◆ Input records
####################

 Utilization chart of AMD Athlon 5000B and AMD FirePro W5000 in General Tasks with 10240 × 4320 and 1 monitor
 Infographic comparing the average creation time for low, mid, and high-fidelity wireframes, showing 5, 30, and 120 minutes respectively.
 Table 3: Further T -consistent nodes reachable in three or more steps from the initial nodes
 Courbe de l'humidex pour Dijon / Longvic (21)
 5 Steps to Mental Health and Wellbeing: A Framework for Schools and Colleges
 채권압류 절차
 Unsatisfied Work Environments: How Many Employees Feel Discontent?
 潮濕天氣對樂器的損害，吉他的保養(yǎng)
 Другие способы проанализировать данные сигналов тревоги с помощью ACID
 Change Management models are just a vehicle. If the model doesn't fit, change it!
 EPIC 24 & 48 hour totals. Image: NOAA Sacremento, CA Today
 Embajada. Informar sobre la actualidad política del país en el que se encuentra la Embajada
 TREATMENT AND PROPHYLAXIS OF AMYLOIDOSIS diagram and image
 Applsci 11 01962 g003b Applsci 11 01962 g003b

####################

◆ Task prompt
Output exactly one stretch of the listing: from the line containing "Unsatisfied Work Environments: How" through the line containing "Embajada. Informar sobre", both end lines included.

◆ Result of the task
 Unsatisfied Work Environments: How Many Employees Feel Discontent?
 潮濕天氣對樂器的損害，吉他的保養(yǎng)
 Другие способы проанализировать данные сигналов тревоги с помощью ACID
 Change Management models are just a vehicle. If the model doesn't fit, change it!
 EPIC 24 & 48 hour totals. Image: NOAA Sacremento, CA Today
 Embajada. Informar sobre la actualidad política del país en el que se encuentra la Embajada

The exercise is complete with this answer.